Рис. 2. Хата на хуторе Кружилине (б. Области Войска Донского), в которой 11 (24) мая 1905 г. родился М. А. Шолохов

А сам рапповский "живой человек" в большинстве случаев на поверку оказывался совершеннейшим муляжем - внешне выглядел как человек, но не мог ходить. И был ничуть не лучше того "железного пролетария", которого несколькими годами раньше навязывали литературе теоретики Пролеткульта. Писатели, пытавшиеся сочинять романы по рапповской установке, не столько исследовали душу современника, сколько монтировали ее из типовых деталей, - герой получал "чувства", отработанные вне его личного опыта. В подобном случае эти авторы в конце концов, как писали их оппоненты, оказывались в объятьях все той же интуитивистской эстетики фрейдистского толка, за которую сами громили иных "перевальцев" и "серапионовых братьев". (Когда одно время, уже в 50-е годы, в критике вдруг возник разговор о "дозировке чувств и качеств героя", о возможных процентах недостатков и чудачеств, это был всего лишь бедный отголосок напористой рапповской установки на "живого человека", - теории, которая, как получалось, несла в себе не только грехи сегодняшние, но и грехи завтрашние.)

Любопытная деталь: в той бурной дискуссии о новом герое литературы и его психологическом раскрытии никто из писателей так часто не упоминался, как... Лев Толстой.

Быть ли новому пролетарскому искусству реалистическим, наследовать накопленное мировым реализмом и русской классикой (Толстым и другими) прежде всего, - или же строить его по-лефовски, по-конструктивистски, по-имажинистски? Эта дилемма волновала тогда многие умы, и имя автора "Войны и мира" возникало в том споре словно само собой.
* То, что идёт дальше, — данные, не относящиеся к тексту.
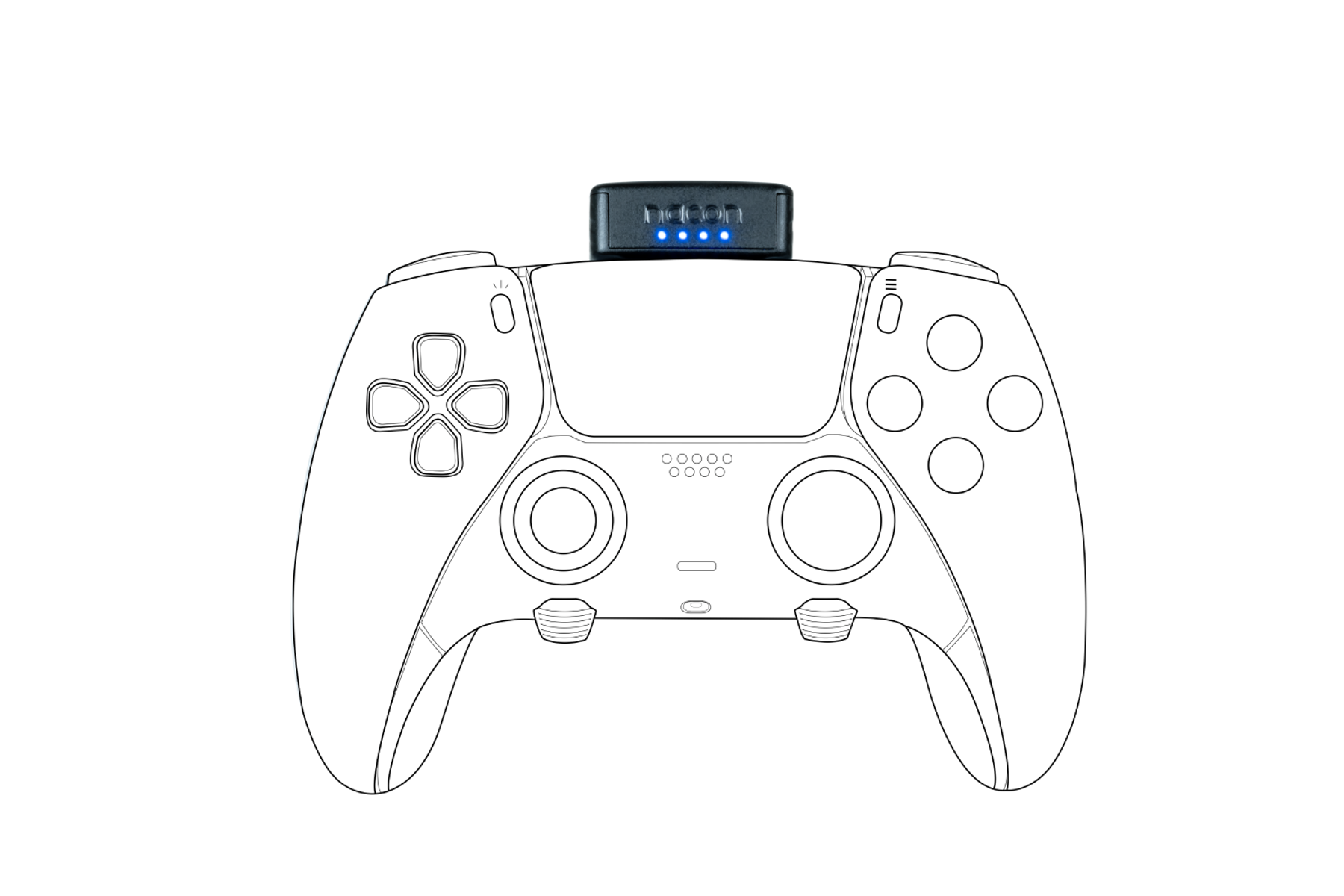 Czarno-biały kontur kontrolera Playstation 5 z portem ładowania.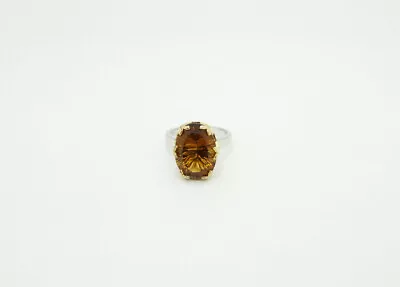 $75 • Buy BBJ Sterling Silver Gold Overlay Large Oval Fancy Madeira Citrine Ring Size 7.75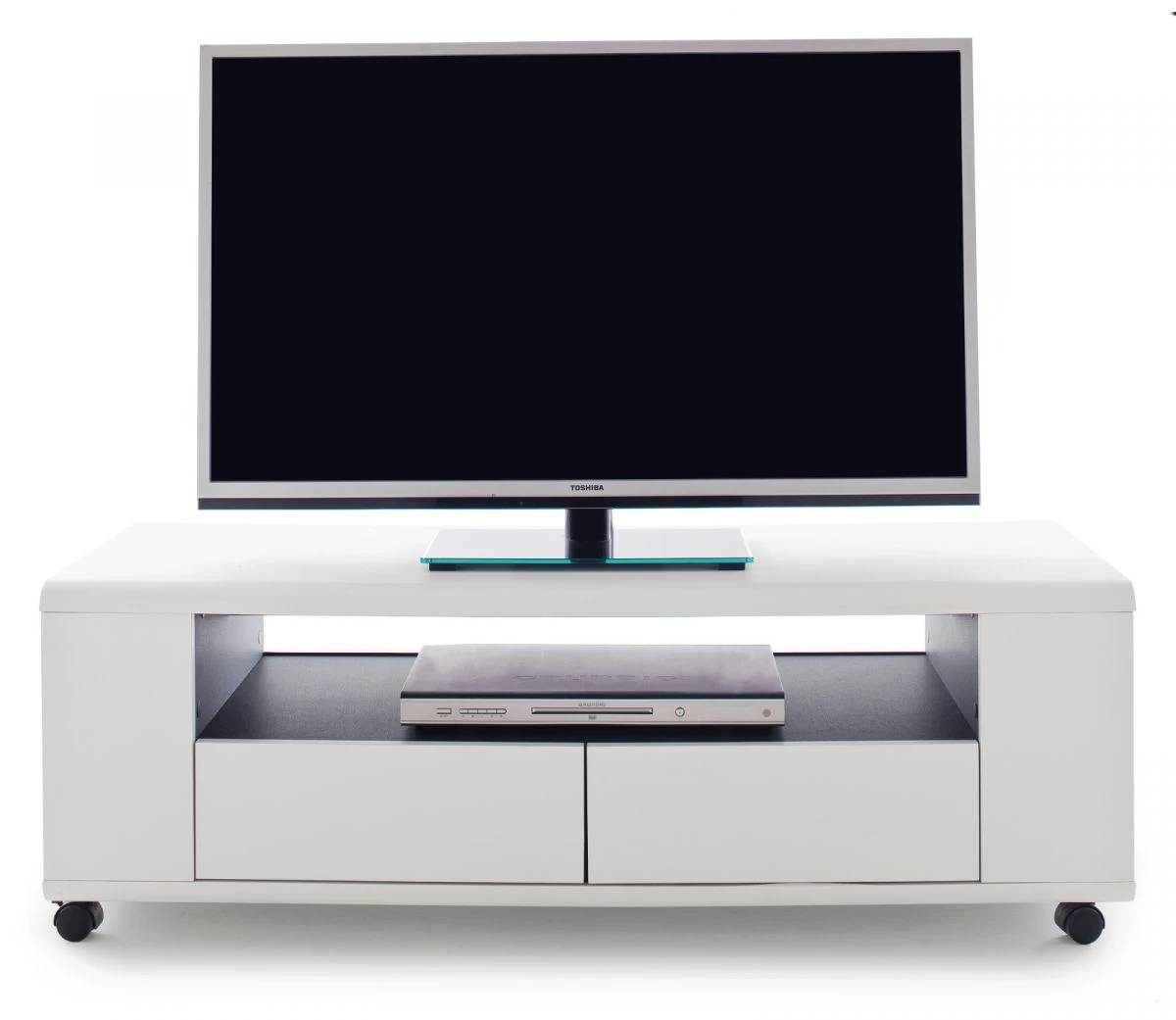 TV-Lowboard Chessey In Weiß Matt Mit Anthrazit Fernsehtisch Auf Rollen 119 X 46 Cm 3 TV-Lowboard Chessey In Weiß Matt Mit Anthrazit Fernsehtisch Auf Rollen 119 X 46 Cm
Хотя, казалось бы, что было тем или иным особо дерзким теоретикам нового искусства до этого "типичного представителя дворянской литературы"! А между тем они волей-неволей Толстым то клялись, то заклинали, то проклинали...

Надо заметить, что этими теоретиками и пророками многочисленных литературных группировок тогда легко оказывались люди неожиданные, не обремененные особыми знаниями и талантом, но зато экстравагантные парадоксалисты, стремящиеся каждый на свой манер выдвинуть идею нового позадиристей, чтобы эпатировало, чтобы совершенно не походило на вчерашнее, "дворянское", отринутое навсегда... И не замечали "теоретики", что часто иные их эксцентричные новации в существе своем повторяли старые "зады", что ретроградное коренилось в самой методологии подобных "теорий": суждение о герое действительности выносилось априорно - сначала разрабатывались "нормы" его душевных качеств, потом они внедрялись в искусство для практического употребления, и сама действительность была только полем, где писатель мог подобрать себе необходимые детали и подробности - согласно теории.

Так возникали схемы "человека-дела", "человека-идеи", "человека-страсти", "человека-массы". (Эта, последняя, модель героя особенно будоражила умы на заре нового искусства, - как прямой вызов индивидуализму старого буржуазного искусства, как понимание личности - звонкой капли в океане революции: нет моего, личного, особого - есть только наше, жизнь, целиком отданная новому обществу! Человек интересен именно в той мере, в какой он воплощает это общее.)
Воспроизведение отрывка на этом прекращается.